The open-source solutions organisation Swecha has launched a unique method by using the crowd-sourcing model to build a Large Language Model (such as ChatGPT or Gemini). It has partnered with the International Institute of Information Technology (IIIT-Hyderabad) and Ozonotel, Swecha is building a network of one lakh summer engineering interns to build a Telugu LLM and a culture portal.

Building an LLM (large language models such as ChatGPT and Gemini) depends on the humongous  data on which it is trained.  A GenAI solution is as good or bad as the quantum of data it is fed.

Only resource-rich companies with deep pockets would be able to build such LLMs. In order to address this challenge, Swecha has launched a Summer of AI internship programme in association with the IIIT-H and cloud communication solutions Ozonotel. The programme would equip the students with job-ready AI skills and develop a Telugu language-centric LLM.

“This is an important initiative as there is no Indian-language and India-centric LLM available yet.
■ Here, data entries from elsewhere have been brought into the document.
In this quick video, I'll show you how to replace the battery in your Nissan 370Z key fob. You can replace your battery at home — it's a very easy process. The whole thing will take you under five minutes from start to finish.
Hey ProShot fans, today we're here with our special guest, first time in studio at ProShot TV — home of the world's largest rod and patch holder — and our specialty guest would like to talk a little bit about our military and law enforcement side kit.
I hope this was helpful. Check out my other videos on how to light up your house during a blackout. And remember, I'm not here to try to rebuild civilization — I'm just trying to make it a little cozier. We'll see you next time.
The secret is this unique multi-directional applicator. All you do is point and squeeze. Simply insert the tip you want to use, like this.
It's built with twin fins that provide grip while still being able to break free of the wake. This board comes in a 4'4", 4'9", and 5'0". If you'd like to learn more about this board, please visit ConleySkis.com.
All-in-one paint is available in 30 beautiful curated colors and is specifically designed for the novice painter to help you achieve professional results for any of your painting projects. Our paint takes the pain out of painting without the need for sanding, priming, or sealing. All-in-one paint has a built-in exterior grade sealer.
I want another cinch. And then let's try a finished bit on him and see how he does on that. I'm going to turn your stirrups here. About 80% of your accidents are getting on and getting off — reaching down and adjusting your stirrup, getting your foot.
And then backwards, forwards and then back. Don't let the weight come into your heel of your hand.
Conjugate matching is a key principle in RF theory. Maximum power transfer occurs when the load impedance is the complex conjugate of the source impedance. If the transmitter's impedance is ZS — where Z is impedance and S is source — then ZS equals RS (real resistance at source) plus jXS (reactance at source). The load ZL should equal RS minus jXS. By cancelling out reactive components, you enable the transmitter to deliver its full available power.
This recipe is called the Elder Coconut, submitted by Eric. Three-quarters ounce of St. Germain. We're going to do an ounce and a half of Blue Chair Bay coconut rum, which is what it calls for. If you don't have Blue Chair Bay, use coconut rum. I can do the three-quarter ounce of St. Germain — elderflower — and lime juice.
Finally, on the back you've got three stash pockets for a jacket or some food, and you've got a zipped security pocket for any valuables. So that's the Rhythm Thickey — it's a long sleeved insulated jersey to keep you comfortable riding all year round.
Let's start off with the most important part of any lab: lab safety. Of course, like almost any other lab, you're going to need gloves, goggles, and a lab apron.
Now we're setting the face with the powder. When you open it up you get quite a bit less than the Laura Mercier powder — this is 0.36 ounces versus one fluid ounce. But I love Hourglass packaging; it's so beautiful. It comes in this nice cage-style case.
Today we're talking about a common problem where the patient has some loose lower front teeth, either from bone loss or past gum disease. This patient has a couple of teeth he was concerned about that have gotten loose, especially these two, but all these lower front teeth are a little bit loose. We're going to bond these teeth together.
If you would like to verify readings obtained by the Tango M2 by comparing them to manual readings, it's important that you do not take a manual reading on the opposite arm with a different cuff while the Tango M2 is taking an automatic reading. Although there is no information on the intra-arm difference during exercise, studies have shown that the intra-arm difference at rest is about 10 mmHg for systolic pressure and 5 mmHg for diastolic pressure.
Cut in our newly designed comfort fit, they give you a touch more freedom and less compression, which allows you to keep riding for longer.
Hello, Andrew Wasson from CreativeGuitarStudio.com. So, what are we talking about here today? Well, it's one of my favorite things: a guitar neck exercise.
Most Indian languages are considered low-resource languages, making it challenging to develop LLMs for them. A significant amount of foundational knowledge needs to be compiled and digitised to create the necessary digital data for these languages,” Y Kiran Chandra, Founder of Swecha, told businessline.

“This presents an opportunity to create a large pool of trained AI engineers, extending well beyond the small group of researchers and developers specialized in deep models,” he said.

The internship programme targets second-year engineering students. Students interview people in villages and towns to gather information on culture, folk tales, folk songs, local food and places of historical and cultural significance.

“The idea is to collect speech samples and generate texts of such conversations to build an LLM. This can be replicated in other languages and regions,” he said.

“This is going to be a very interesting and useful initiative. It will help build AI talent on a large scale. We are building modalities to build templates to collect relevant information,” Ramesh Loganathan, Professor at the IIIT-H, said.